- _Task prompt_:
The answer is an exact copy of the lines from the one with "Bolu yayla turizmiyle" to the end of the listing below, pictures left out.

§ §

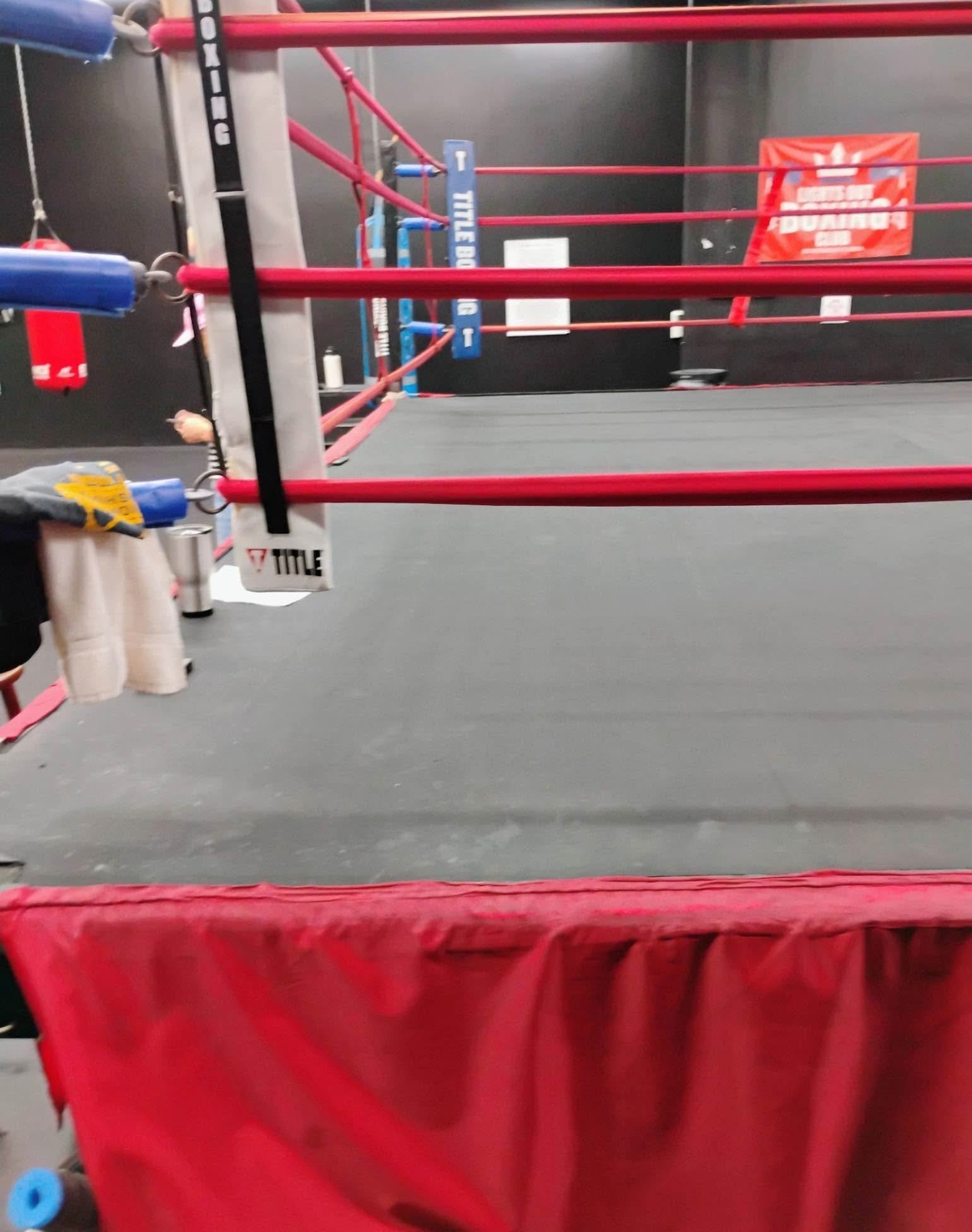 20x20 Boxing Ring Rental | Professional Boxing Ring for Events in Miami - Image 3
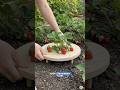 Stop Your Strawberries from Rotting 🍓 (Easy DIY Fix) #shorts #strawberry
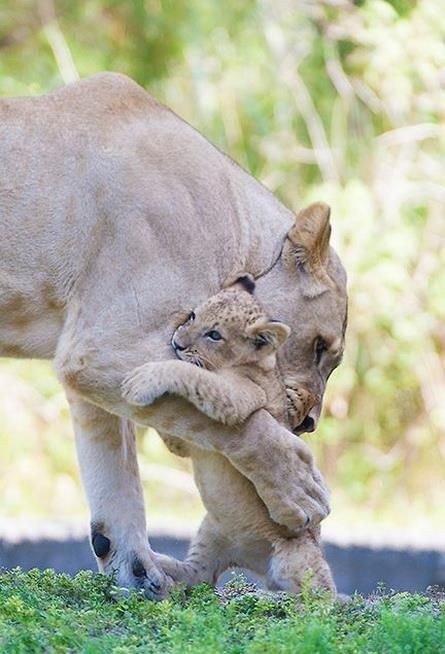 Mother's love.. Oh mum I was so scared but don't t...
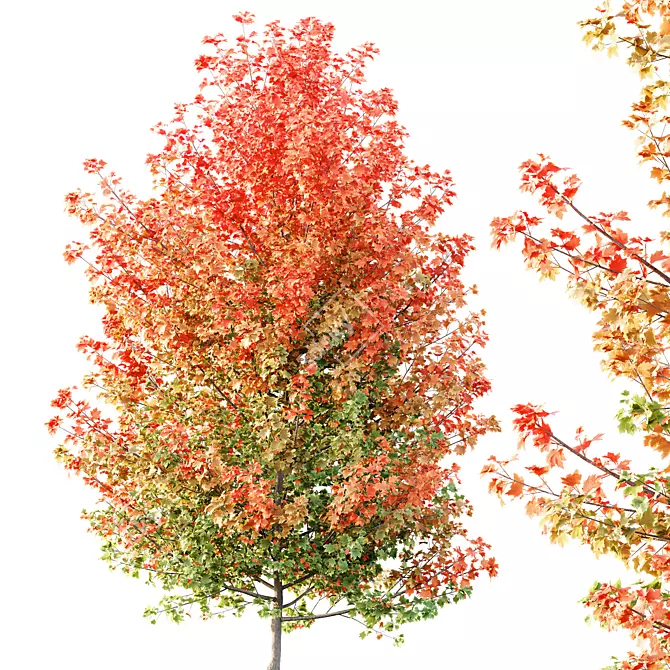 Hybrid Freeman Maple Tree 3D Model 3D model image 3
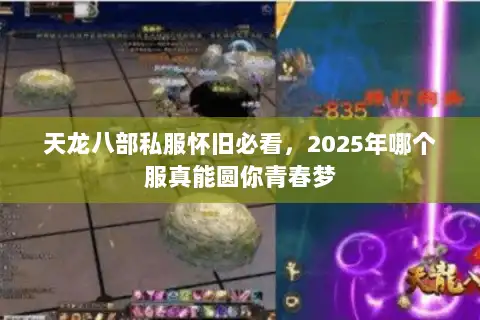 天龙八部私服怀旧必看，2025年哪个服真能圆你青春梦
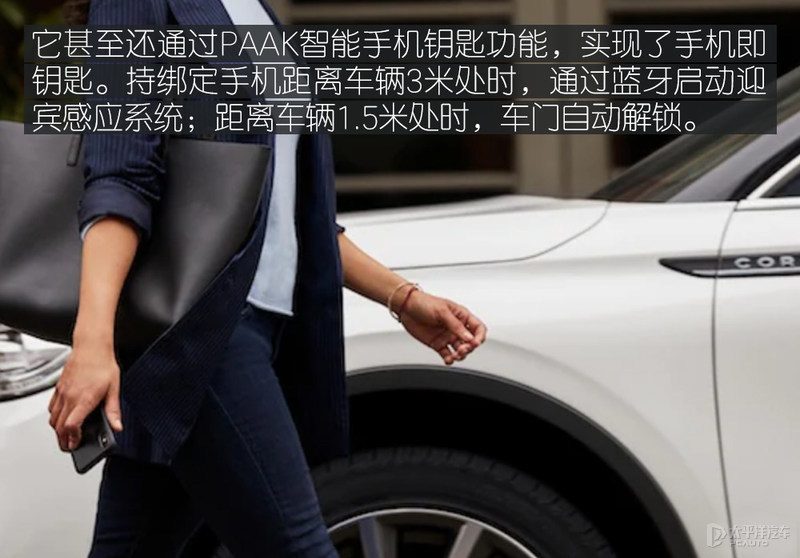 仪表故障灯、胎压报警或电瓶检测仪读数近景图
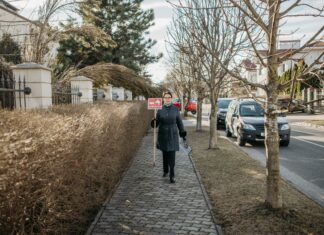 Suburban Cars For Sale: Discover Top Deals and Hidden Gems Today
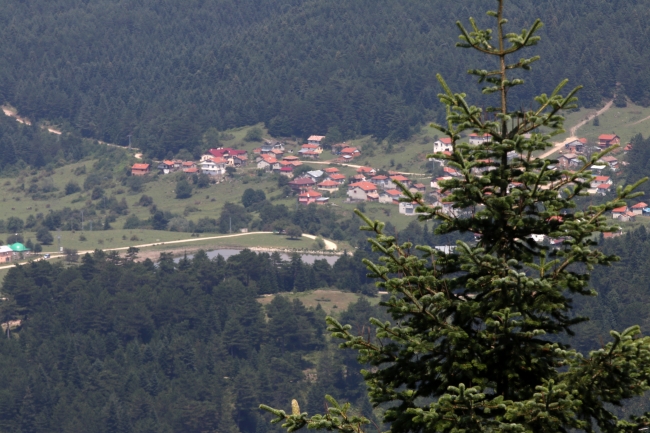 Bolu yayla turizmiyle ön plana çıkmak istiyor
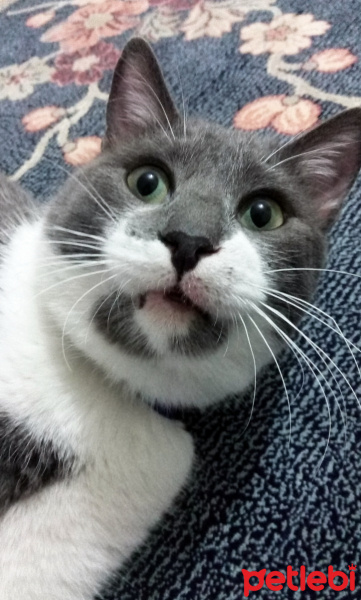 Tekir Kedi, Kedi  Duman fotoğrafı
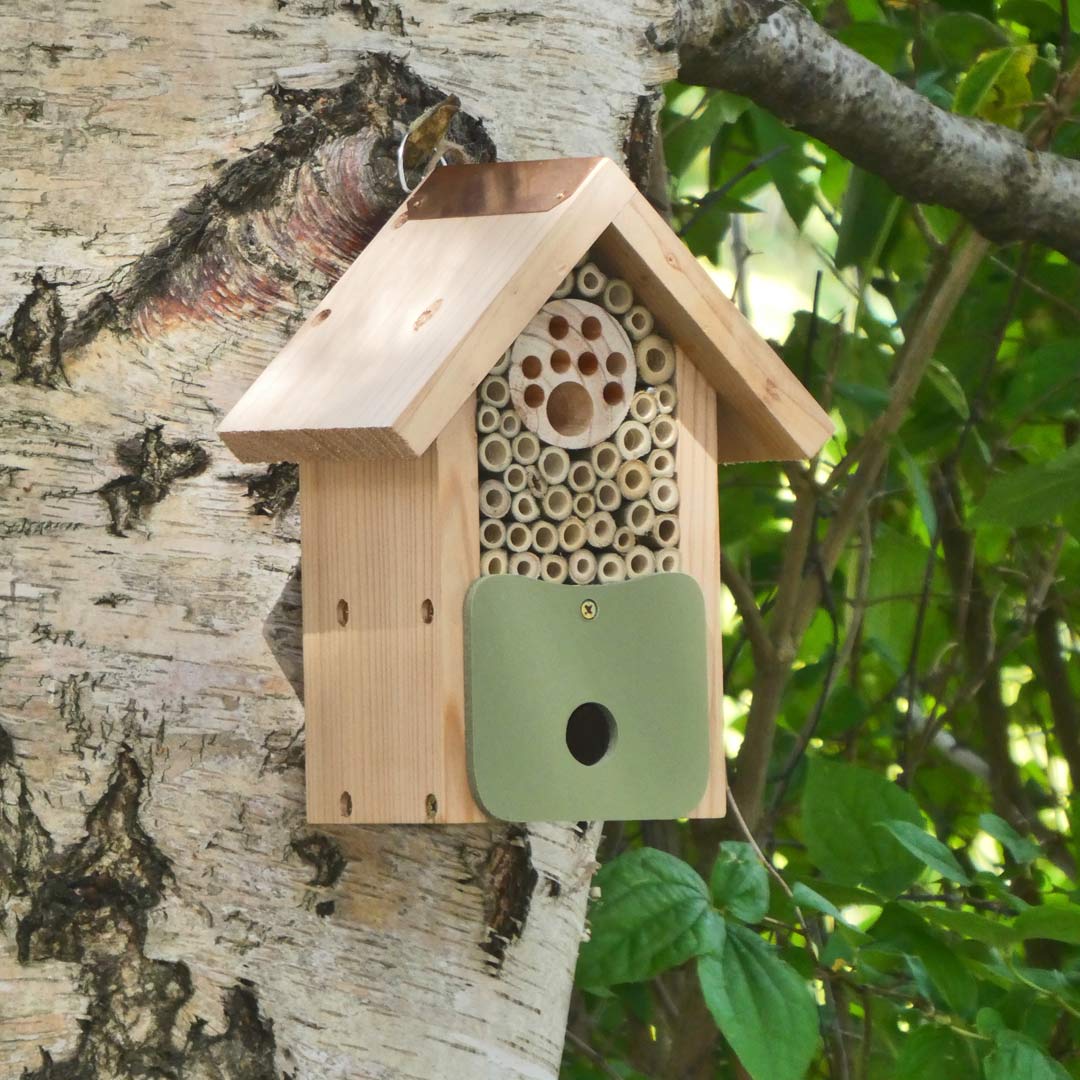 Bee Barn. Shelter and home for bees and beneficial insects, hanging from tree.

§ §

- _Output below_:
 Bolu yayla turizmiyle ön plana çıkmak istiyor
 Tekir Kedi, Kedi  Duman fotoğrafı
 Bee Barn. Shelter and home for bees and beneficial insects, hanging from tree.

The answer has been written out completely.